I am a graphic designer by training. As a graphic designer, I dislike Visual-Meta because it is ugly. It’s ugly! I don’t want that ugly stuff in my beautiful publications, and I can’t imagine that other book designers would want it in their books either.

The small text size and the structure of Visual-Meta show that it is primarily intended to be read by a computer, and if it is primarily intended to be read by a computer, then we should put it in a PDF’s XML metadata (or similar format that is not part of the rendered page). If we do that, we keep the ugly stuff off our beautifully rendered pages, but it can still be read by software applications.

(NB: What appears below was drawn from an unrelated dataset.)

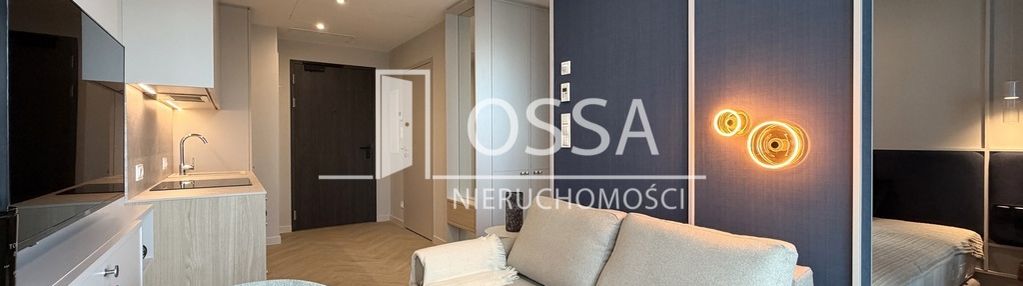 Olivia pulse | wysoki standard | 26,55 m²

Accessibility is no good reason to put Visual-Meta on the rendered pages, since a PDF’s XML metadata is just as accessible to a computer (and even to a human, who can just open the file in a plain-text editor if the metadata is left uncompressed and unencrypted, which is possible). Tagged PDFs are another example of this principle.

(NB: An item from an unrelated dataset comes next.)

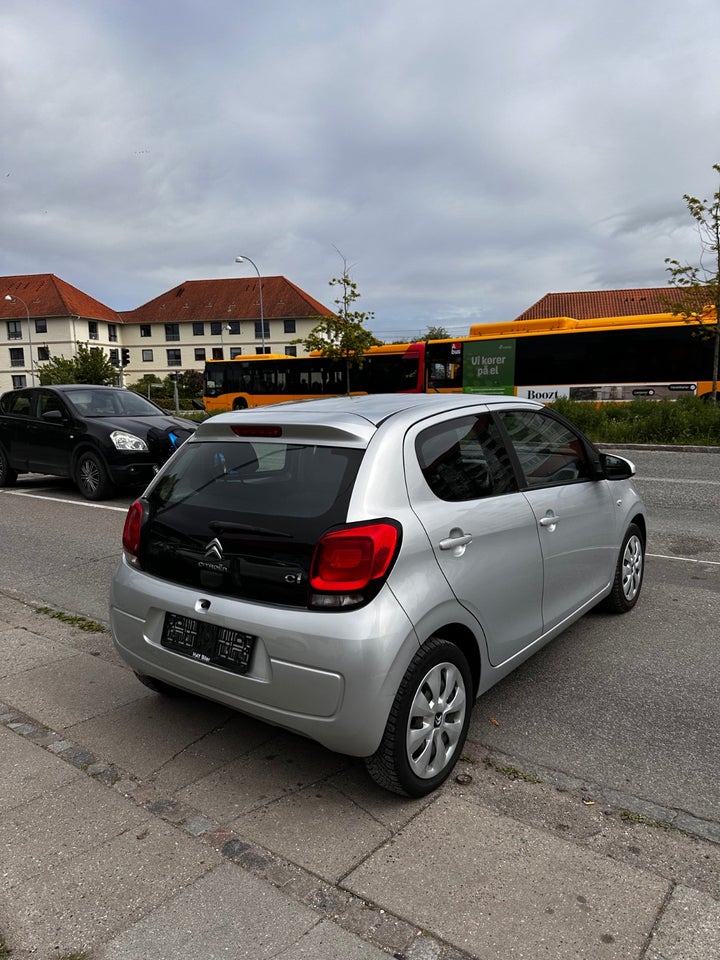 Citroën C1 1,2 PureTech Sport 5d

Much publishing today, perhaps even most publishing, happens in a variety of formats. Publishers have toolchains that automatically transform the same information into multiple output formats. Academic publishers make their works available as Web pages, EPUB files, PDF files, and other formats. Open standards for metadata should be as inter-translatable between these formats as possible.

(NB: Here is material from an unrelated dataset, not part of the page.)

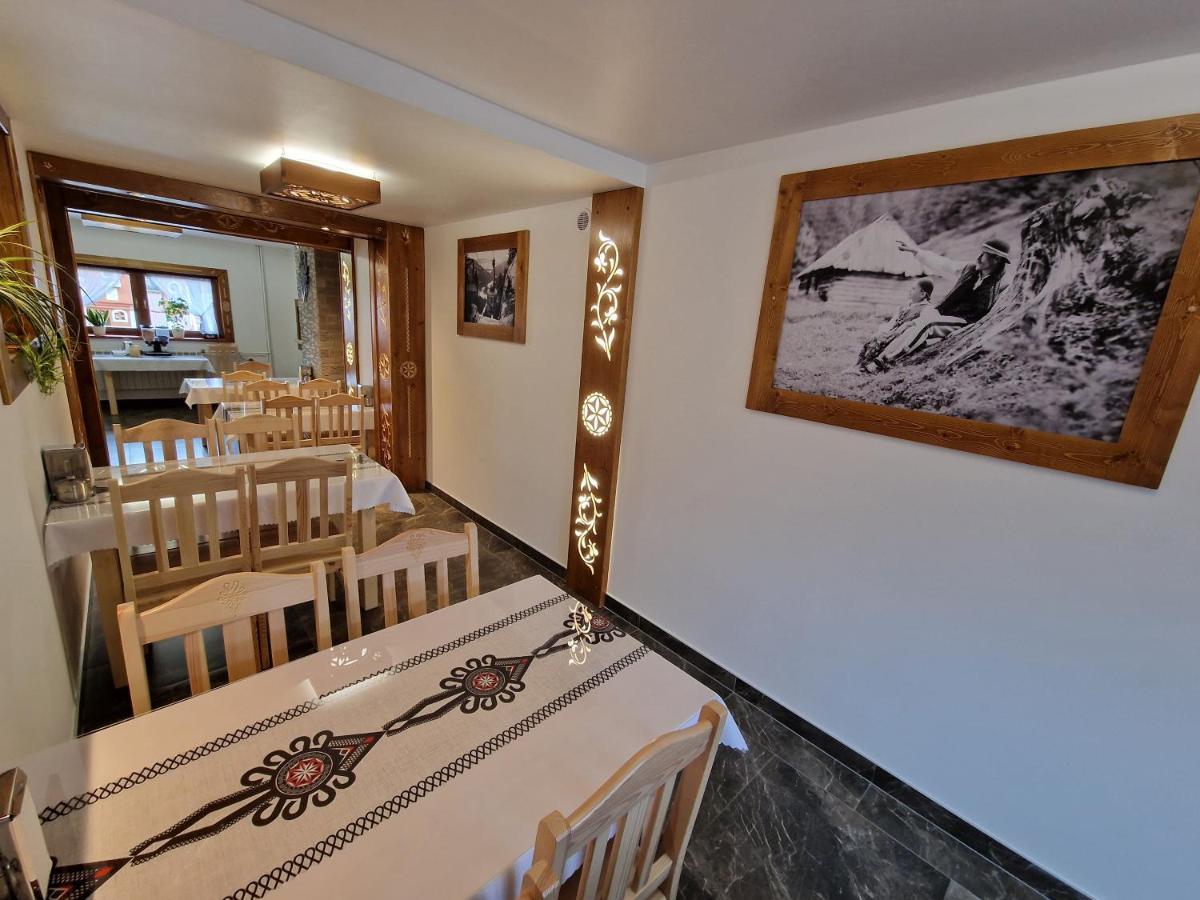 Willa Stachoniowka Zakopane Exteriör bild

HTML is not just a Web technology, not just for connections between Web sites; it is also used in non-Web publishing toolchains, including for producing PDFs (Prince XML, WeasyPrint, etc.). We can make HTML documents without external links and embed semantic data in HTML with RDFa and other formats. HTML is used as the basis for file formats that do not require a Web browser (for example, EPUB: open it in your ebook readers, or unzip it and open it in your Web browsers). I expect standalone HTML file formats such as EPUB to continue to evolve in exciting ways while adhering to open standards. For all these reasons, it is not true that PDF is somehow more suited to long-term storage than HTML and XML formats.

I am betting against Visual-Meta (which I have never seen used except in your books) and would urge you to find a better solution. My advice is to get rid of the visible ugliness of Visual-Meta and pay more attention to the embedded semantic metadata formats that are already widely used in HTML/XML and that can be used in all formats in an easily inter-translatable way.

I could say more, but I hope this is helpful even if you disagree.